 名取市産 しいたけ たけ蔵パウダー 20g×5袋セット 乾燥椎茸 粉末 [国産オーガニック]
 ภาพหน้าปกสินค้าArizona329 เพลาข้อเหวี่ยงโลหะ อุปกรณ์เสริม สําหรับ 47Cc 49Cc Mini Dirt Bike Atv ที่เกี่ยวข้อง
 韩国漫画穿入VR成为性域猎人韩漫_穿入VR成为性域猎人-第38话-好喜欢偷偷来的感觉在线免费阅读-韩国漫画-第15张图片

━━━

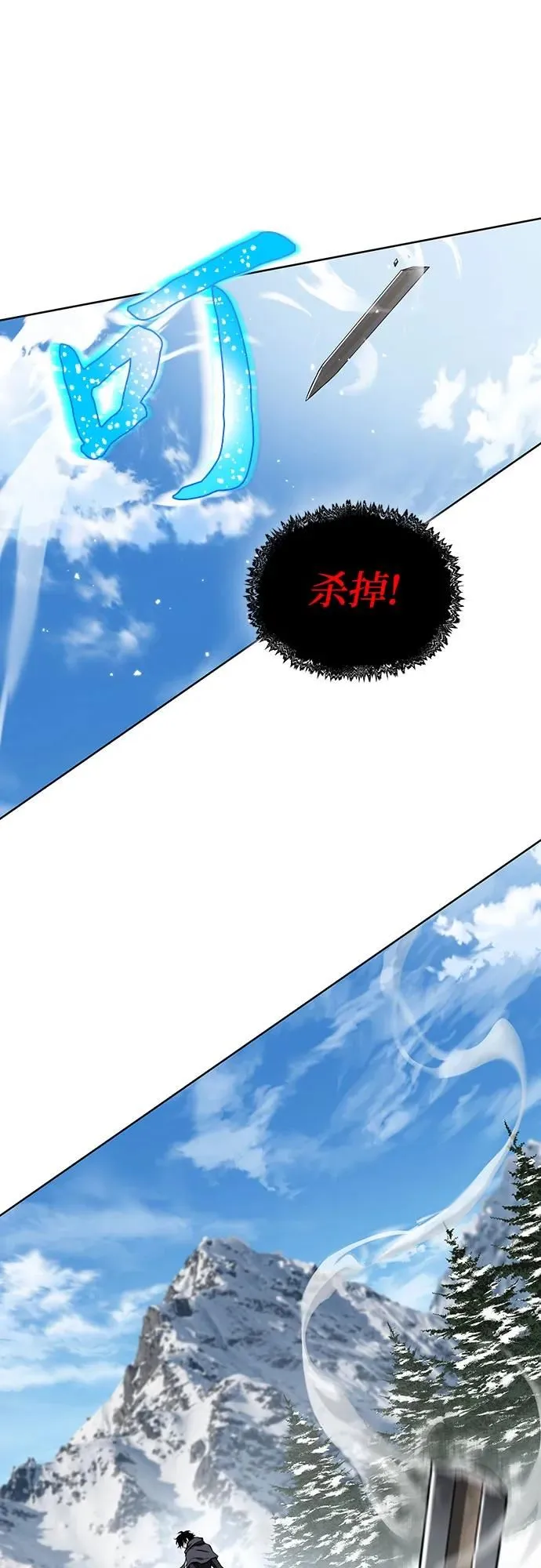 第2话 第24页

━━━

EXERCISE PROMPT:
Among the records above, only the lines between the line holding "名取市産 しいたけ たけ蔵パウダー" and the line holding "韩国漫画穿入VR成为性域猎人", inclusive, are to be output, exactly as written.

TASK OUTPUT:
 名取市産 しいたけ たけ蔵パウダー 20g×5袋セット 乾燥椎茸 粉末 [国産オーガニック]
 ภาพหน้าปกสินค้าArizona329 เพลาข้อเหวี่ยงโลหะ อุปกรณ์เสริม สําหรับ 47Cc 49Cc Mini Dirt Bike Atv ที่เกี่ยวข้อง
 韩国漫画穿入VR成为性域猎人韩漫_穿入VR成为性域猎人-第38话-好喜欢偷偷来的感觉在线免费阅读-韩国漫画-第15张图片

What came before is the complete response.